Many people see cheating as a betrayal of someone’s trust, from hooking up with a co-worker to having once a week secret rendezvous with an ex in some hotel room. But in this digital era, being unfaithful extends beyond having a physical relationship with someone other than your partner.
In a recent study conducted by family law specialists Slater and Gordon, one-third of the couples surveyed indicated social media as the main cause of their divorce. While social media has proven to be the perfect breeding ground for infidelity, the cheating alarm doesn’t go off only when you hook up with someone. From flirty photos and thirsty comments to exchanging contact info and planning to meet up, discover the social media habits that are considered cheating and might ruin your relationship forever.

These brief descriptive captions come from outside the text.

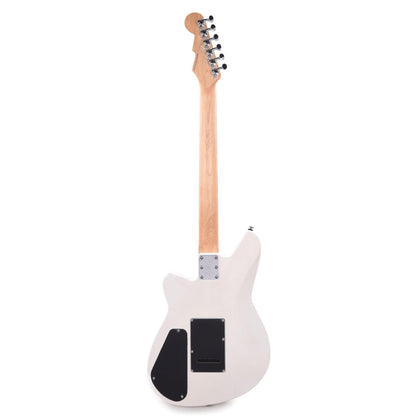 Reverend Descent W Trans White Electric Guitars / Solid Body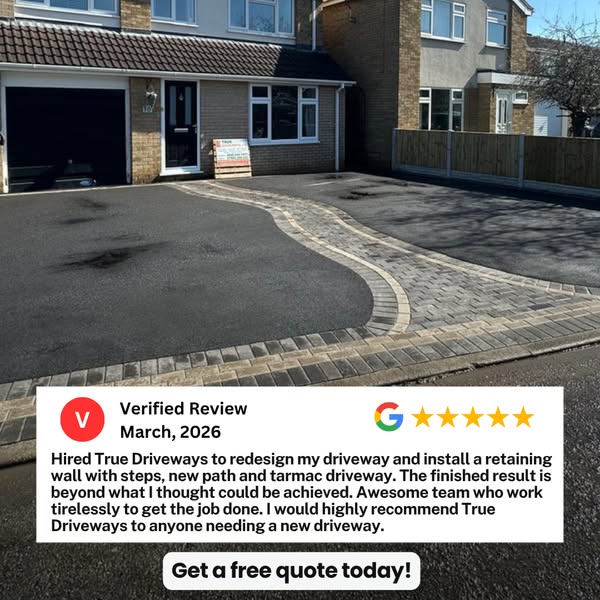 Get Your Free Driveway/Patio Quote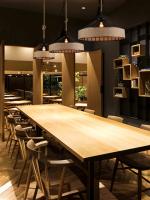 Lámpara Colgante De Hemp Clásica Para Techo Lámpara De Cristal Antigua Industrial Retro De Hierro Para Comedor - details 20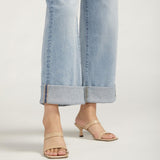 Baggy Wide Leg Crop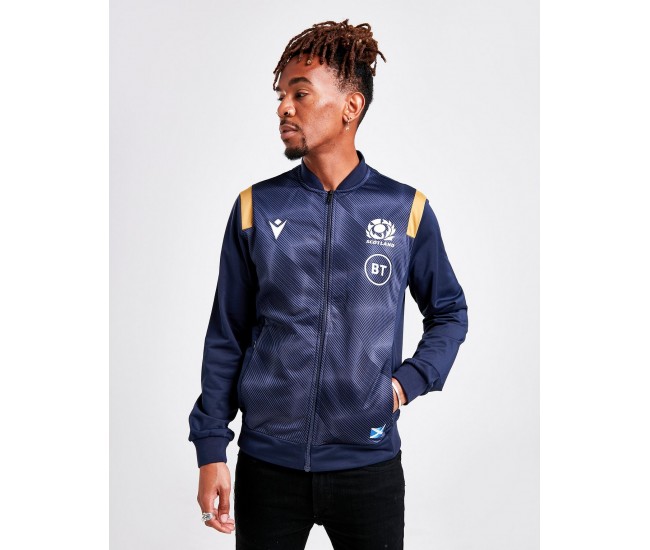 Macron Scotland Anthem Rugby Jacket 2020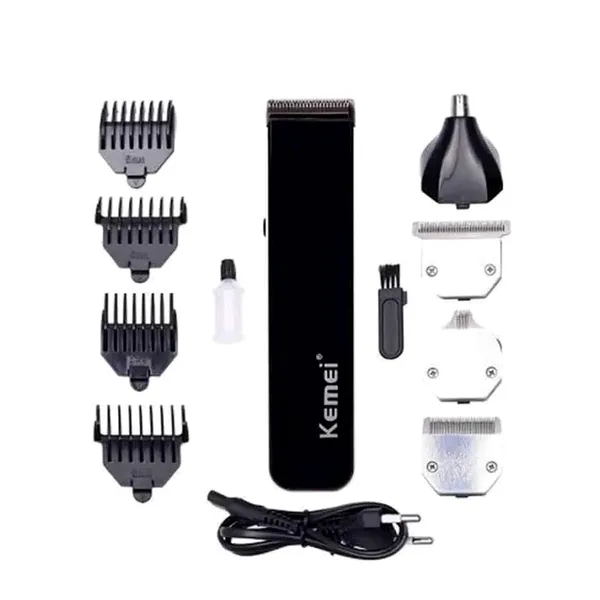 Kemei KM- 3580 Rechargeable Professional Grooming Kit Trimmer – View 3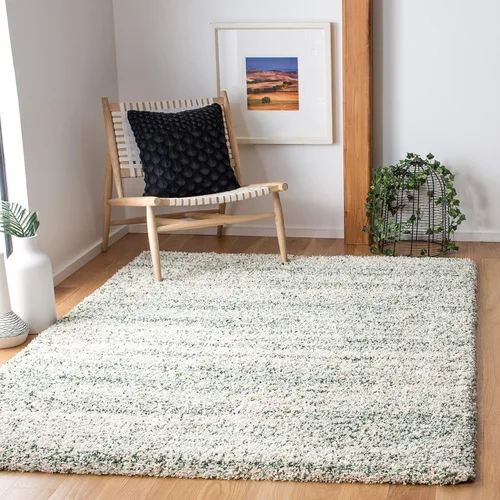 Vista 25 de SAFAVIEH Hudson Shag Collection - Alfombra decorativa de 2 x 3 pies, color marfil y azul marino, no desprende pelusa y de fácil cuidado, 2 pulgadas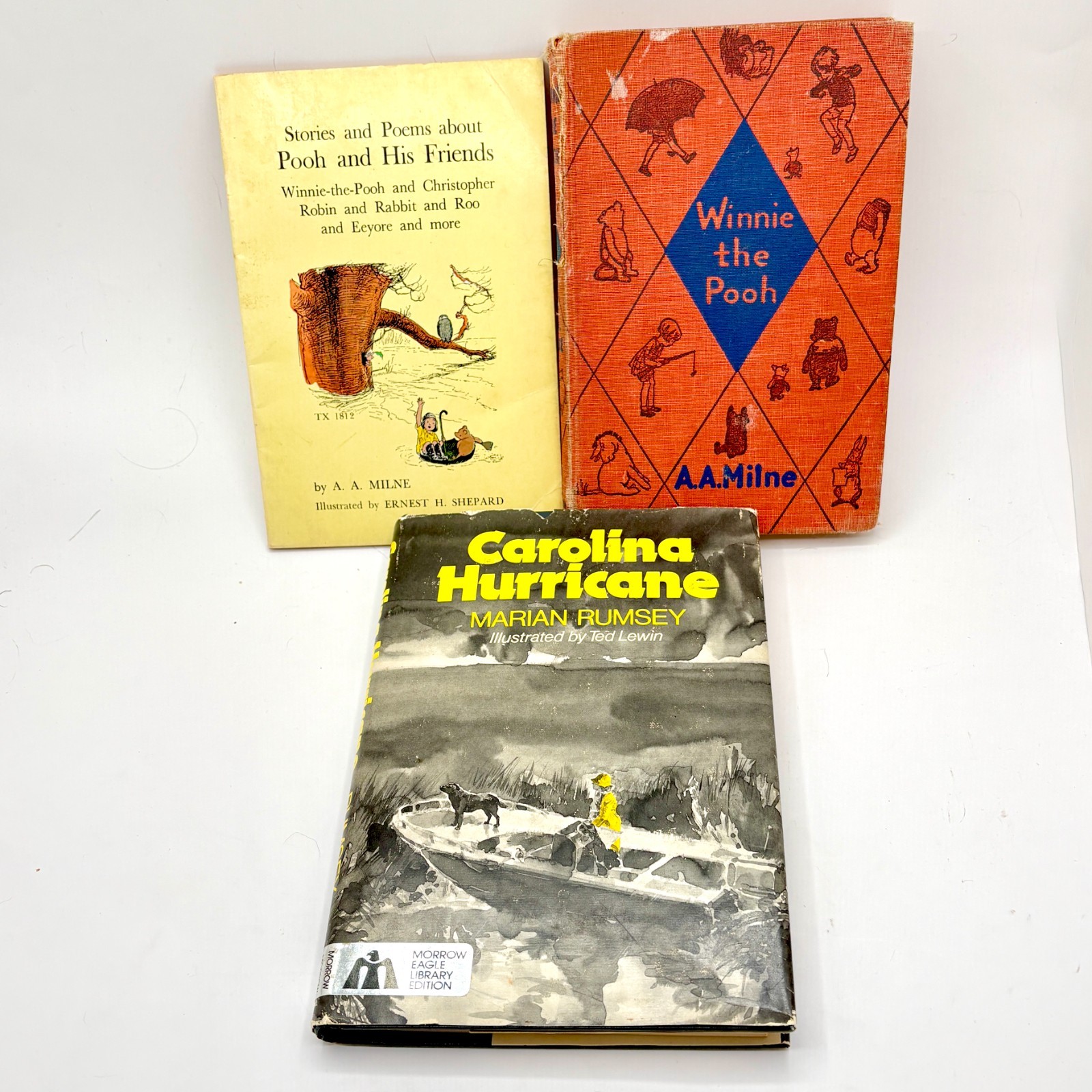 Vintage Children’s First Editions Book Lot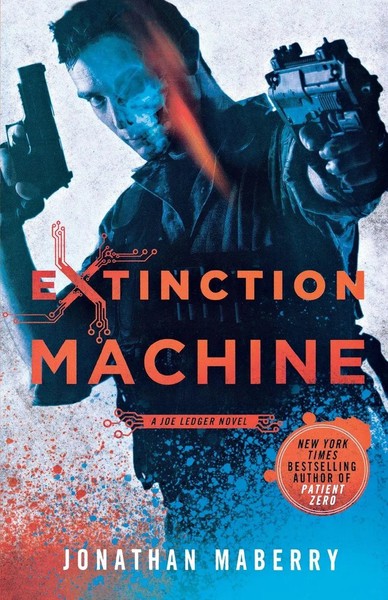 Extinction Machine Jonathan Maberry Taschenbuch Kartoniert / Broschiert Englisch-image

It might sound weird for most of us, but there are people out there who have fake Facebook profiles just to troll others. As if trolling was not bad enough, others have a second Facebook identity for another purpose: cheating. If you discover that your partner has a different social media account than the “official” one, you definitely have every right to ask them why they made it for.
Speaking of which, you might also want to know more about these 30 Lies Everyone Tells on Social Media.
If you’re changing the names of the contacts in your phone or have online conversations with people using code names, you’re undoubtedly holding out on your partner. If you’re not cheating on your significant other, there’s no reason for you to keep secrets about the people you’re talking to.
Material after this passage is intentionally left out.